With respect to maintenance, the Counsel submitted that the wife is capable of earning independent income, therefore, the amount fixed by the Trial Court is not required to be enhanced.

16. Having heard the learned Counsel for the parties and having perused the evidence on record, at the outset, we may recall that the cohabitation between the husband and wife after marriage lasted only for about 100 days. The marriage took place on 21.1.2001. Admittedly, on 15.5.2001, wife left her matrimonial home. Thereafter, she returned in June, 2001 for a period of three days. Since then, there has been no cohabitation between the wife and husband. From the series of photographs produced before the Trial Court and perusal by us, which pictures of the couple were taken during their honeymoon to the hills of Himachal Pradesh, it can be seen that the couple was happily married. Series of pictures clearly show that the couple must have enjoyed their tour. They were in state of utter bliss totally unaware of the things to come in near future.

17. Thereafter, the wife left her matrimonial home on or around 15.5.2001. She complained of ill-treatment by the husband and other family members, particularly the mother-in-law.

18. The wife in her deposition which is in the form of affidavit which is rather long, barring few stray examples, gave no specific instances of such ill-treatment. Her averments were, by and large, general in nature. Her statements were to the effect that she was made to work very hard, she was not being taken to the doctor even when not well, on one occasion, she was falsely accused by her in laws for missing ear-rings.

19. The Family Court has come to the conclusion that there was no specific evidence about ill-treatment to the wife by the husband or other family members, with which we agree. Admittedly, wife herself left the house of the husband on 15.5.2001. It is not even her case that she was driven out of the house by the husband or other family members. She returned for a short period of three days and left again, never to return to her husband’s house. In the mean-time, she also came with her father, collected her cup-board and all her belongings.

20. This behaviour of a newly married woman is rather strange. If she had any hope of reconciliation, normal human conduct would have prevented her from withdrawing all her belongings from her matrimonial home. Not being able to live with the husband temporarily due to differences or disputes or to go away to father’s house in a huff is entirely different from withdrawing all the belongings from the husband’s house. The former suggests a temporary phase while the later indicates a clear intention of not rejoining the husband.

21. In deposition itself, she admitted that she had come with father and collected all her belongings. In cross examination also, she admitted the same. This was thus a unilateral and a voluntary act on her part.

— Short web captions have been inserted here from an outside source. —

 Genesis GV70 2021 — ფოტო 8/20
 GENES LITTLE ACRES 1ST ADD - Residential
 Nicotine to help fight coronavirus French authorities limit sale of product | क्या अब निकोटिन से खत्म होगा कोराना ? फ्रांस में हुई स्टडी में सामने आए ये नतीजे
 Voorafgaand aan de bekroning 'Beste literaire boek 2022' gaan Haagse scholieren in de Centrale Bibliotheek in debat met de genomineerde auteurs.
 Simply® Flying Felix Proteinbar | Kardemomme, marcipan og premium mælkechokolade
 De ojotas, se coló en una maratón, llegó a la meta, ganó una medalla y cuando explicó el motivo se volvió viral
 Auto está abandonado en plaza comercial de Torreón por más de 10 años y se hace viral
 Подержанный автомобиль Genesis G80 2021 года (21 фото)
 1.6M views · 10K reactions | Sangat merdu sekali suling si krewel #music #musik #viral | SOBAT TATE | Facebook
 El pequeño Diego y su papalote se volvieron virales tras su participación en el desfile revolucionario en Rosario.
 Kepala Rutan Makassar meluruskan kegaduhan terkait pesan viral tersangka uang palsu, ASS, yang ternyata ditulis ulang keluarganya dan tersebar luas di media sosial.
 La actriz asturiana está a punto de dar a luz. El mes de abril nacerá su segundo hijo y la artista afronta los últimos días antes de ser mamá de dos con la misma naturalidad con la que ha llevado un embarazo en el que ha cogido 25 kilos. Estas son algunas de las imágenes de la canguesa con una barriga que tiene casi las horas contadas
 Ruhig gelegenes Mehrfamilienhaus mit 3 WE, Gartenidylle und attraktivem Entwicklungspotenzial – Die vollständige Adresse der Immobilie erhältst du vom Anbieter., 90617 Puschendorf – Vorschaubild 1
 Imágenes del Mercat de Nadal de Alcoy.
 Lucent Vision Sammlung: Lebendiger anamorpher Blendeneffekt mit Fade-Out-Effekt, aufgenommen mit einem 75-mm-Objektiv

22. Additionally, she did not produce any concrete evidence of ill-treatment by the husband or other family members. The learned Judge recorded that the ill-health for which she complained total neglect on the part of the family members which compelled her to approach her father for medical treatment was no more serious than a simple backache. For such ailment, she was also not required to be admitted in the hospital. She was treated as outdoor patient. Further, from her deposition, we notice that in the cross-examination, she admitted that she had thrown away the medicines given to her by the senior family doctor of the husband to whom she was taken for treatment. This was explained by her suggesting that she was allergic to such medicines. Her version may not be incorrect but what emerges is that the husband did take her to the doctor when she complained of ill-health.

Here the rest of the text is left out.